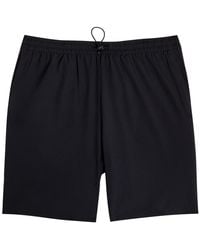Condition - Everyday Training Stretch-Jersey Shorts - Lyst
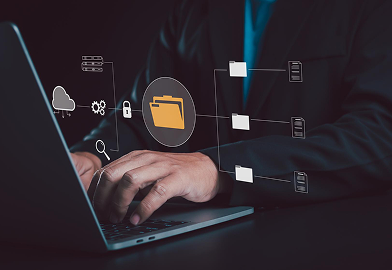 dd vds Legacy System Modernization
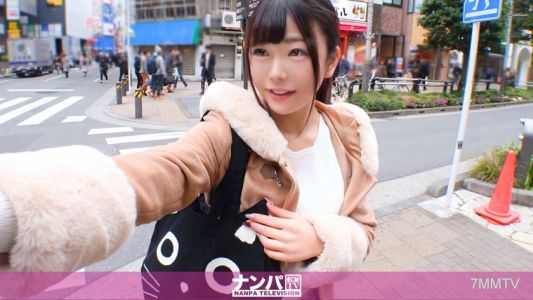 200GANA-2237 Serious soft on, first shoot. 1445 lonely beautiful girl picked up for a Let&quots party! Taken to the hotel and got drunk and horny!! The actor hugs her and kisses her and cutely begs for his dick♪ Once inserted, the squirting won&quott stop! Squirt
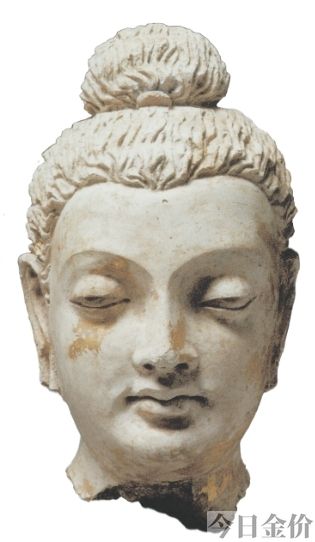 黄金佛眼小说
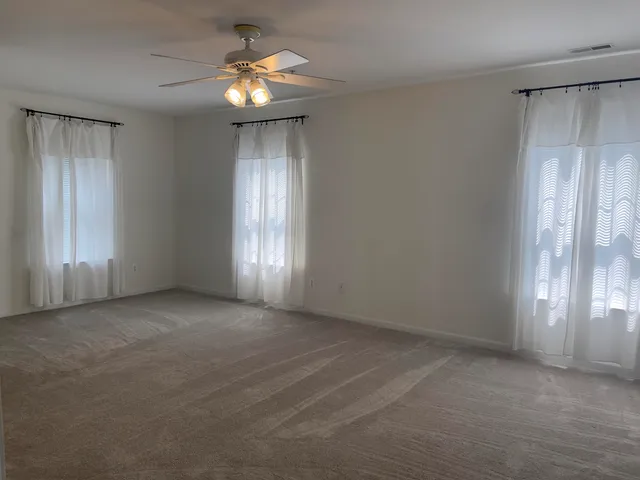 $1,900 | 1139 Joyce Lane, Ann Arbor, MI 48103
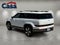 2026 Hyundai Santa Fe Limited 6P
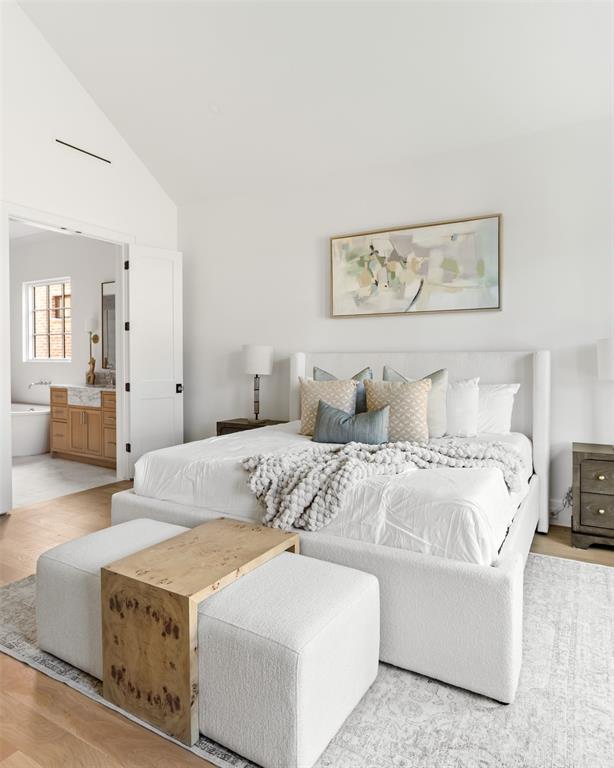 Marsh Lane Rev - Residential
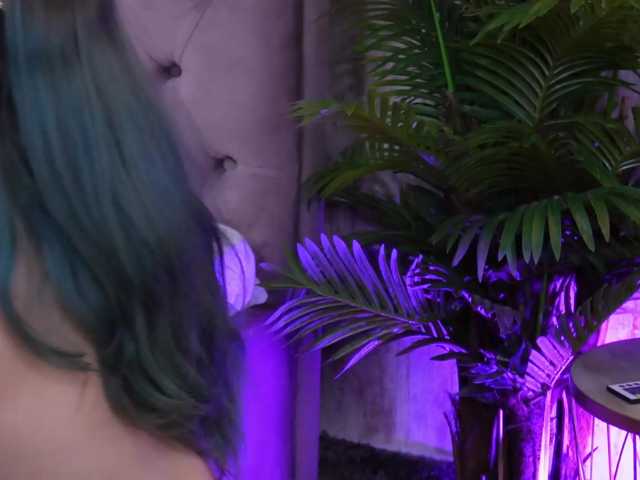 AlanaMilani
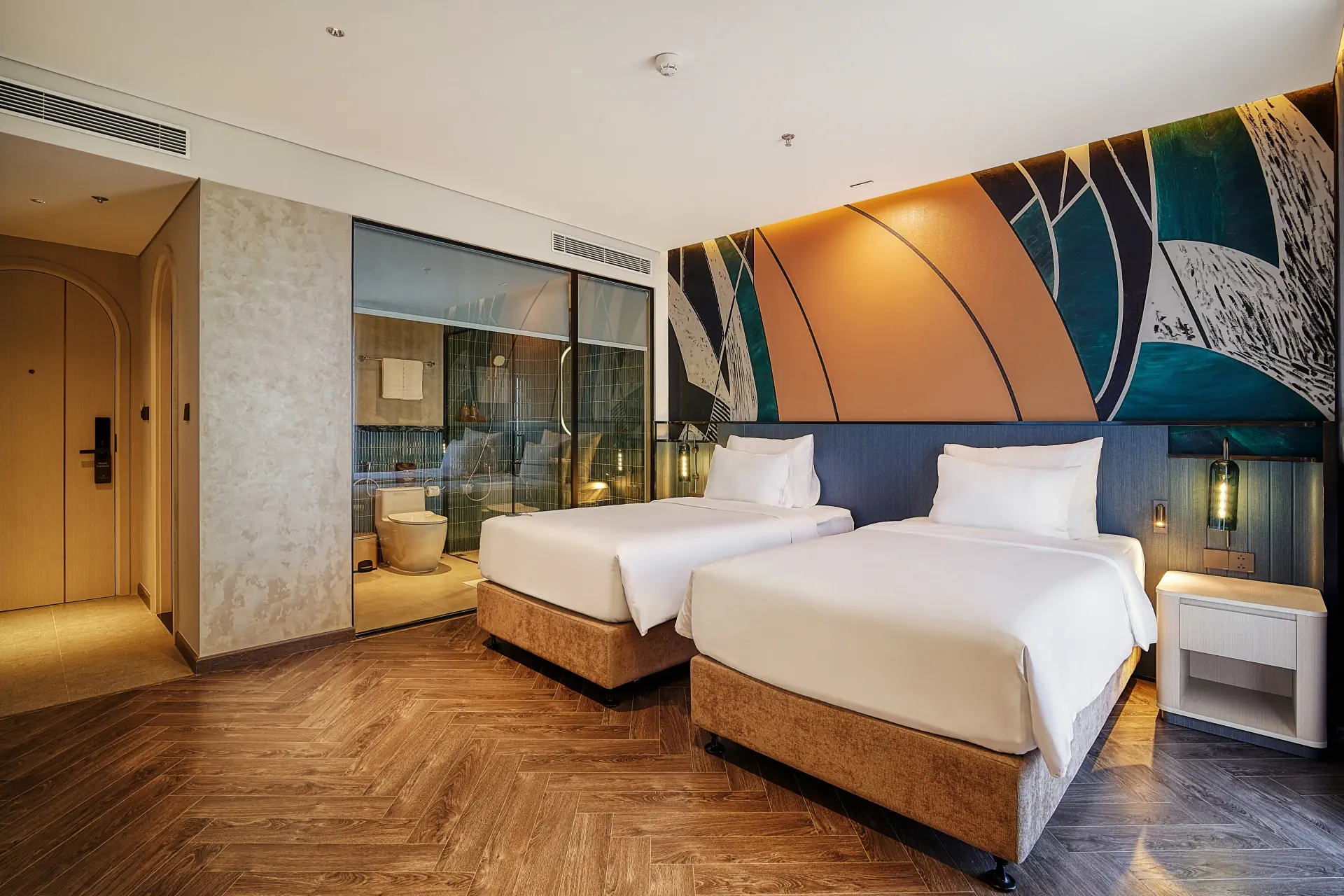 Champton Nha Trang - zdjęcie 6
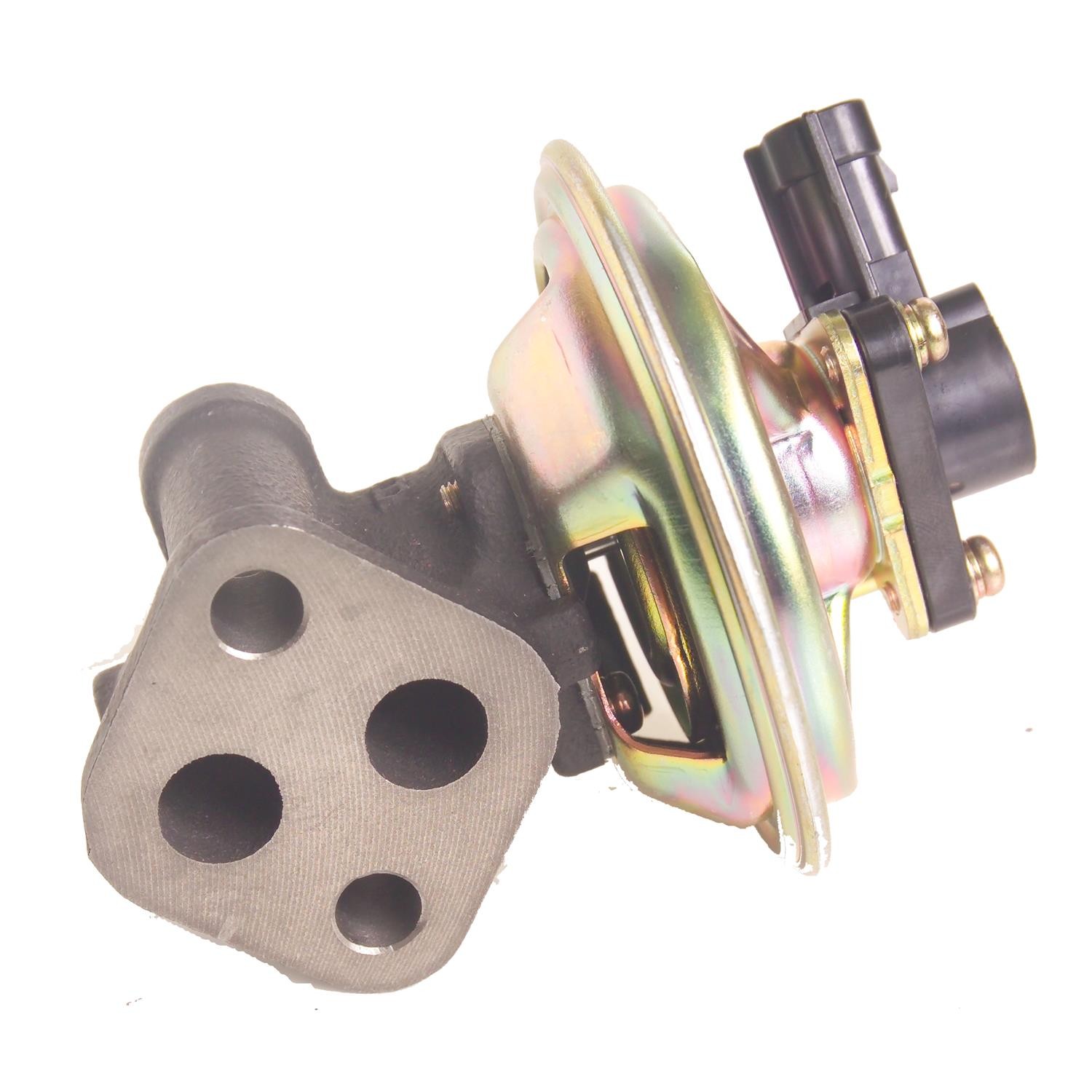 Standard EGV792 EGR Valve - Image 2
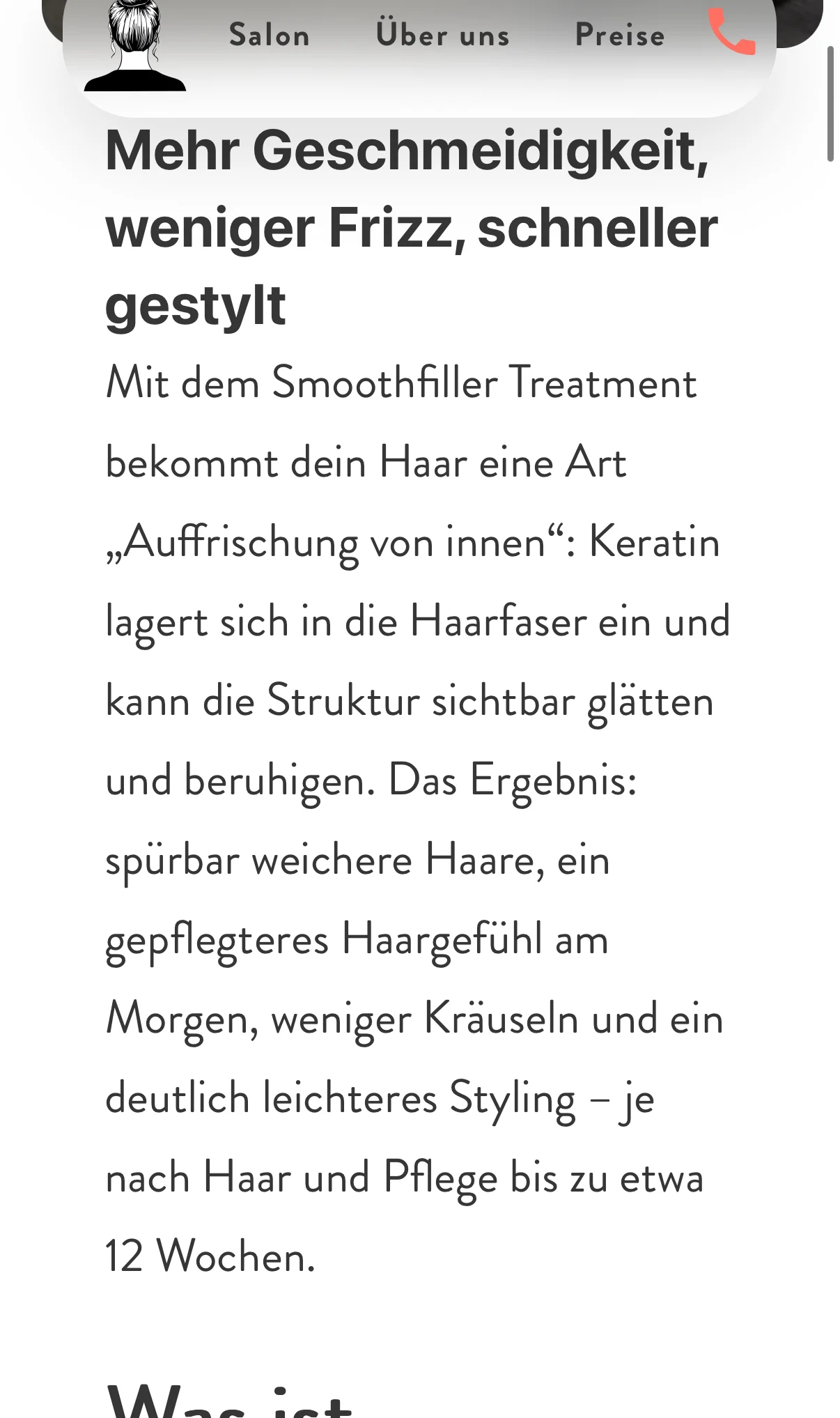 hair-kommen — 07-mobile-mid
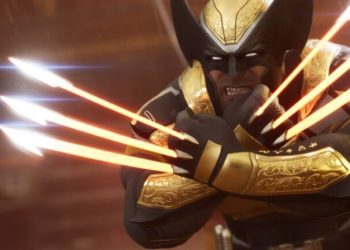 بازی Midnight Suns با وجود واکنش مثبت منتقدین، یک موفقیت تجاری نبوده است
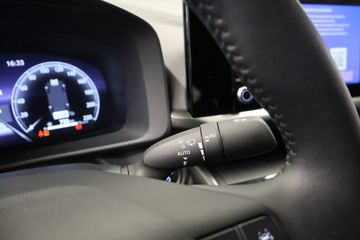 Voertuigafbeelding 23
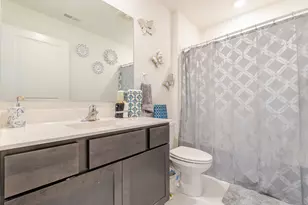 10560 Azalea Dr, Crown Point, IN 46307 - Photo 23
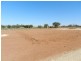 Lot 6 Drummond Avenue, Loxton SA 5333
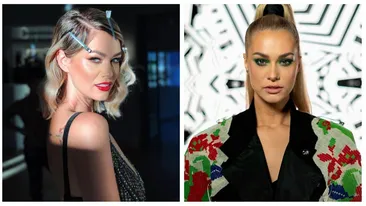 Feli Donose, mărturisiri despre drama prin care a trecut: ”Mi-e frică și pentru fetița mea”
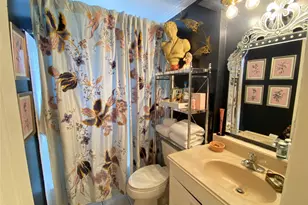 510 1/2 Moody St, Houston, TX 77009 - Photo 9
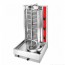 Electmax Electric Kebab Machine EKB-2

━━━

Exercise requirements >> Could you return, word for word, every line from the line with "Voertuigafbeelding 23" through the last line of the listing above, both ends included, without any pictures?

Solution >>
 Voertuigafbeelding 23
 10560 Azalea Dr, Crown Point, IN 46307 - Photo 23
 Lot 6 Drummond Avenue, Loxton SA 5333
 Feli Donose, mărturisiri despre drama prin care a trecut: ”Mi-e frică și pentru fetița mea”
 510 1/2 Moody St, Houston, TX 77009 - Photo 9
 Electmax Electric Kebab Machine EKB-2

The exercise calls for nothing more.